Among the entries below, find the lines with the word "Traditional" and return them.
MATERIAL TO PROCESS section start
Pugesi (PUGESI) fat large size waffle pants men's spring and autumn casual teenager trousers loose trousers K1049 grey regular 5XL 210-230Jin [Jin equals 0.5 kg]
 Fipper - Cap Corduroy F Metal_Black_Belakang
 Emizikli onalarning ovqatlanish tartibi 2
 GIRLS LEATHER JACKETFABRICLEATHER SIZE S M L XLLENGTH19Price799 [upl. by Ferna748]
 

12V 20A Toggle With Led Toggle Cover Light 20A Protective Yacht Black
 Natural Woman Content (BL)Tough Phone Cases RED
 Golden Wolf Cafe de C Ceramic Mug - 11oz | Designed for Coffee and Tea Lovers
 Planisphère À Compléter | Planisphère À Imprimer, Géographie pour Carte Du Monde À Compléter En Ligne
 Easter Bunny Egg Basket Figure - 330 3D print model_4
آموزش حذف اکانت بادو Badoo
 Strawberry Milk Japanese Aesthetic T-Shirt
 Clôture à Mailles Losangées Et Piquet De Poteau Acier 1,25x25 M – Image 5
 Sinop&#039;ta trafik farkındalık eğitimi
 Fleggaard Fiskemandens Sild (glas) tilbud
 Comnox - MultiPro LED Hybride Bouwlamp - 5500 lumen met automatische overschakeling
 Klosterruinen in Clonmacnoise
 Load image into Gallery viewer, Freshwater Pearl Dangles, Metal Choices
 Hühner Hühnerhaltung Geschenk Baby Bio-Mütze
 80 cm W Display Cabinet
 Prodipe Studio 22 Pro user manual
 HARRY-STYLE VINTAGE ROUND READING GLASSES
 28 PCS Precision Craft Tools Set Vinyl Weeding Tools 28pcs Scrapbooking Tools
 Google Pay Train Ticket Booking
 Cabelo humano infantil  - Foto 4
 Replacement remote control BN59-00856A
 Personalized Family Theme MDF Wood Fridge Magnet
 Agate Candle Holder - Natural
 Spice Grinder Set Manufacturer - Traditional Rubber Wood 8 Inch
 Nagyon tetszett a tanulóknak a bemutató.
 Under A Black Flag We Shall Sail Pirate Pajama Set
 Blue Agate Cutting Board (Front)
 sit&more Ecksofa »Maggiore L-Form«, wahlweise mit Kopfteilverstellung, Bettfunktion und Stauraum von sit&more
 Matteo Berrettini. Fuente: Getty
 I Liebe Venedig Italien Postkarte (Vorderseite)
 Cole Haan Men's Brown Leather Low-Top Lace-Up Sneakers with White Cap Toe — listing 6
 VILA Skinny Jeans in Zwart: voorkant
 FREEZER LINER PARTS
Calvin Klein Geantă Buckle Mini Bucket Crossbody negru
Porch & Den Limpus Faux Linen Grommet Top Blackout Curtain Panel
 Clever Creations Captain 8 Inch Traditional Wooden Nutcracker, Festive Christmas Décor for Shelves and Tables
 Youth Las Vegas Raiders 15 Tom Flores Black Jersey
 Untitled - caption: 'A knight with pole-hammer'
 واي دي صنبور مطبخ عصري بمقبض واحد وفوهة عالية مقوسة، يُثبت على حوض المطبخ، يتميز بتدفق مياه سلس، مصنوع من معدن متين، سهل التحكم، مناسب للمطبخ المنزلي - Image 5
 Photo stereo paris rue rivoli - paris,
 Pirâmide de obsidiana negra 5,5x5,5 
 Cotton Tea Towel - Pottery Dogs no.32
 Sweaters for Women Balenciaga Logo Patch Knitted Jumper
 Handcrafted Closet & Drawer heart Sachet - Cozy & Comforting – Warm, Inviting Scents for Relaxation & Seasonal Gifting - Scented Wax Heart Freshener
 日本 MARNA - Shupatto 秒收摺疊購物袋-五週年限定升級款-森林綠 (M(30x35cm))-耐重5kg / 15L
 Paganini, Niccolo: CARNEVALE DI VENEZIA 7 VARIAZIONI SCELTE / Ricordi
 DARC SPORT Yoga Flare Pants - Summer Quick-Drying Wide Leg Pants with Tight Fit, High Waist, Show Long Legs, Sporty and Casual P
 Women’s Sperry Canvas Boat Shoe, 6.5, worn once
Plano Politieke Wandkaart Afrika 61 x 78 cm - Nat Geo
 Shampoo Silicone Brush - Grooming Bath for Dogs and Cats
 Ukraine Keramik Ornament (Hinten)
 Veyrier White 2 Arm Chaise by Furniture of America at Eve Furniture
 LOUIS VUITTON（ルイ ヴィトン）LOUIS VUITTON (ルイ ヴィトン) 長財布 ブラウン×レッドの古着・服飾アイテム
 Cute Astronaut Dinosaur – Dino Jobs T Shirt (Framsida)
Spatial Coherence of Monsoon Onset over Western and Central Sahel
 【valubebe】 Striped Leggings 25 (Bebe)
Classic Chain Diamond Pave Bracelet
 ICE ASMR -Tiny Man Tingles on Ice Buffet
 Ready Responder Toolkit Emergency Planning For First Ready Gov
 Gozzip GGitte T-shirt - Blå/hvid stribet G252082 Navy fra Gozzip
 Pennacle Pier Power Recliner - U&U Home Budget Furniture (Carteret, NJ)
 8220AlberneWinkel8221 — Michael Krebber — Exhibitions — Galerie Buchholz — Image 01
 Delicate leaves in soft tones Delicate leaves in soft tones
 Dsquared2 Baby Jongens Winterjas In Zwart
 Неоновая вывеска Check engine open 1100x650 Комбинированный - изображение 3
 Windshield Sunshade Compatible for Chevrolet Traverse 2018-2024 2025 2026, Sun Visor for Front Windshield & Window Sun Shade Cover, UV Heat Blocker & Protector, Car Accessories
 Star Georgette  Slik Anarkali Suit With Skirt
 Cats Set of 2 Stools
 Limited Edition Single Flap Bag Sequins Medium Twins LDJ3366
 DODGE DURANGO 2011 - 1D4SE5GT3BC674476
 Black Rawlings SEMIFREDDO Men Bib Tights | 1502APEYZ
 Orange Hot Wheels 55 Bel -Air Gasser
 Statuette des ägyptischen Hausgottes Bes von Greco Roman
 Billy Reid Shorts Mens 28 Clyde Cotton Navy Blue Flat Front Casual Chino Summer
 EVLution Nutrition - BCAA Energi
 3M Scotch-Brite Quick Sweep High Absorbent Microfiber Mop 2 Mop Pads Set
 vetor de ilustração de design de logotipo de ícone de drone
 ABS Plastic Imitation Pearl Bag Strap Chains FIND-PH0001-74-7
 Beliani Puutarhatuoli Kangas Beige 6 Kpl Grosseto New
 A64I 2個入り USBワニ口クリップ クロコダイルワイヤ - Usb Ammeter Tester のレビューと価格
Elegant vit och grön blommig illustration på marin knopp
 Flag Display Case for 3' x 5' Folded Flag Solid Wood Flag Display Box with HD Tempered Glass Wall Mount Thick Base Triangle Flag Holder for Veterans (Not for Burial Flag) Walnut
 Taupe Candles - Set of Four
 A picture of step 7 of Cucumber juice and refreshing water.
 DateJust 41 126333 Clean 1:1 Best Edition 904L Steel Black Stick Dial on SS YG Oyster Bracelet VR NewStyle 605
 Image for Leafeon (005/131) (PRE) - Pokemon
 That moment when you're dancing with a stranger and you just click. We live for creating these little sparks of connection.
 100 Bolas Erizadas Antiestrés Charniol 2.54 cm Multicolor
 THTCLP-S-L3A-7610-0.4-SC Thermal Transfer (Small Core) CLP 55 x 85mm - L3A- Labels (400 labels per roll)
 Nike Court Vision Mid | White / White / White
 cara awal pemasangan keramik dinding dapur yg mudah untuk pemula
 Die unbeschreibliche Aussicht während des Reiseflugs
MATERIAL TO PROCESS section end
• SOLUTION:
 Spice Grinder Set Manufacturer - Traditional Rubber Wood 8 Inch
 Clever Creations Captain 8 Inch Traditional Wooden Nutcracker, Festive Christmas Décor for Shelves and Tables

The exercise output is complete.